Eur Heart J. 2016 Jan 7;37(2):177-85. doi: 10.1093/eurheartj/ehv456. Epub 2015 Sep 1.
The aim of this study was to assess the effects of pre-operative statin therapy on cardiovascular events in the first 30-days after non-cardiac surgery.

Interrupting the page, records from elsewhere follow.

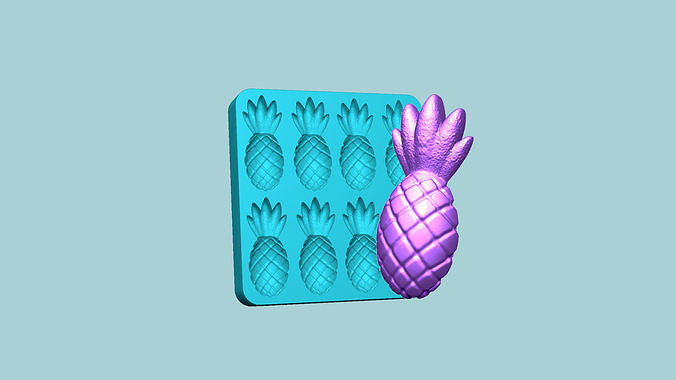 Jelly Candy Molding Pineapple - Gummy Mould 3D print model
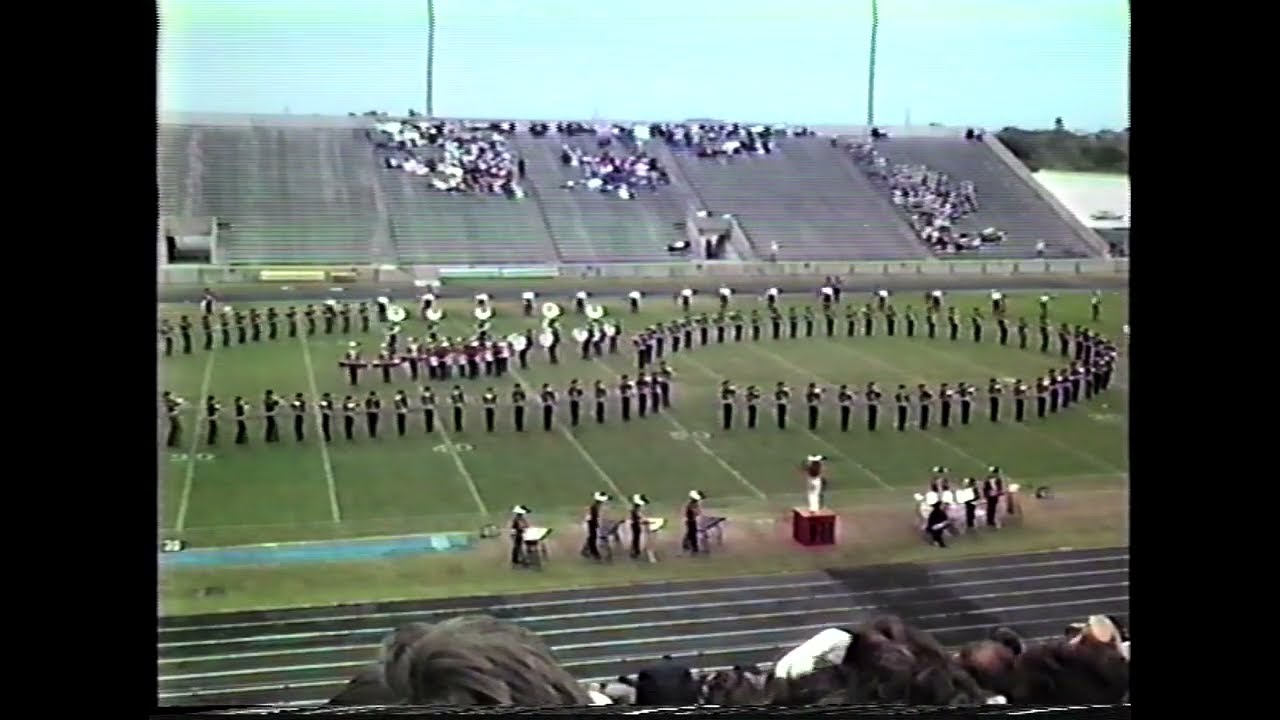 Arlington: Martin High School Band 1987 - UIL 5A State Marching Contest Prelims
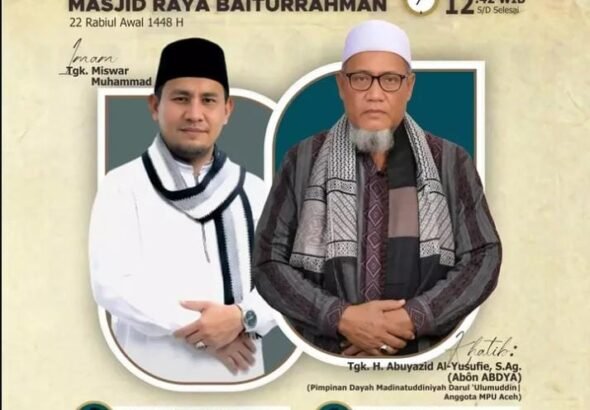 Tata Laksana Shalat Jumat Masjid Raya Baiturrahman Aceh, 4 September 2026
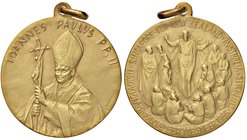 Giovanni Paolo II (1978-2005) Medaglia 1986 Viaggio in Asia e Oceania – Opus: Manfrini – AU (g 26,09 marcato 750 – Ø 36 mm) Versione con appiccagnolo ...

We conducted an international, prospective, cohort study of patients who were ≥45 years having in-patient non-cardiac surgery. We estimated the probability of receiving statins pre-operatively using a multivariable logistic model and conducted a propensity score analysis to correct for confounding. A total of 15 478 patients were recruited at 12 centres in eight countries from August 2007 to January 2011. The matched population consisted of 2845 patients (18.4%) treated with a statin and 4492 (29.0%) controls. The pre-operative use of statins was associated with lower risk of the primary outcome, a composite of all-cause mortality, myocardial injury after non-cardiac surgery (MINS), or stroke at 30 days [relative risk (RR), 0.83; 95% confidence interval (CI), 0.73-0.95; P = 0.007]. Statins were also associated with a significant lower risk of all-cause mortality (RR, 0.58; 95% CI, 0.40-0.83; P = 0.003), cardiovascular mortality (RR, 0.42; 95% CI, 0.23-0.76; P = 0.004), and MINS (RR, 0.86; 95% CI, 0.73-0.98; P = 0.02). There were no statistically significant differences in the risk of myocardial infarction or stroke.
Among patients undergoing non-cardiac surgery, pre-operative statin therapy was independently associated with a lower risk of cardiovascular outcomes at 30 days. These results require confirmation in a large randomized trial.
Clinical Trials.gov NCT00512109.
本研究旨在评估术前他汀类药物治疗对非心脏手术后30天内心血管事件的影响。
我们对年龄≥45岁的住院非心脏手术患者进行了一项国际前瞻性队列研究。我们使用多变量逻辑模型估计术前接受他汀类药物治疗的概率,并进行倾向评分分析以校正混杂因素。2007年8月至2011年1月期间,在八个国家的12个中心共招募了15478名患者。匹配人群包括2845名接受他汀类药物治疗的患者(18.4%)和4492名对照患者(29.0%)。术前使用他汀类药物与主要结局风险降低相关,主要结局为30天时的全因死亡率、非心脏手术后心肌损伤(MINS)或卒中的复合结局[相对风险(RR),0.83;95%置信区间(CI),0.73 - 0.95;P = 0.007]。他汀类药物还与全因死亡率显著降低相关(RR,0.58;95% CI,0.40 - 0.83;P = 0.003)、心血管死亡率(RR,0.42;95% CI,0.23 - 0.76;P = 0.004)和MINS(RR,0.86;95% CI,0.73 - 0.98;P = 0.02)。心肌梗死或卒中风险无统计学显著差异。
在接受非心脏手术的患者中,术前他汀类药物治疗与30天时较低的心血管结局风险独立相关。这些结果需要在大型随机试验中得到证实。
ClinicalTrials.gov NCT00512109。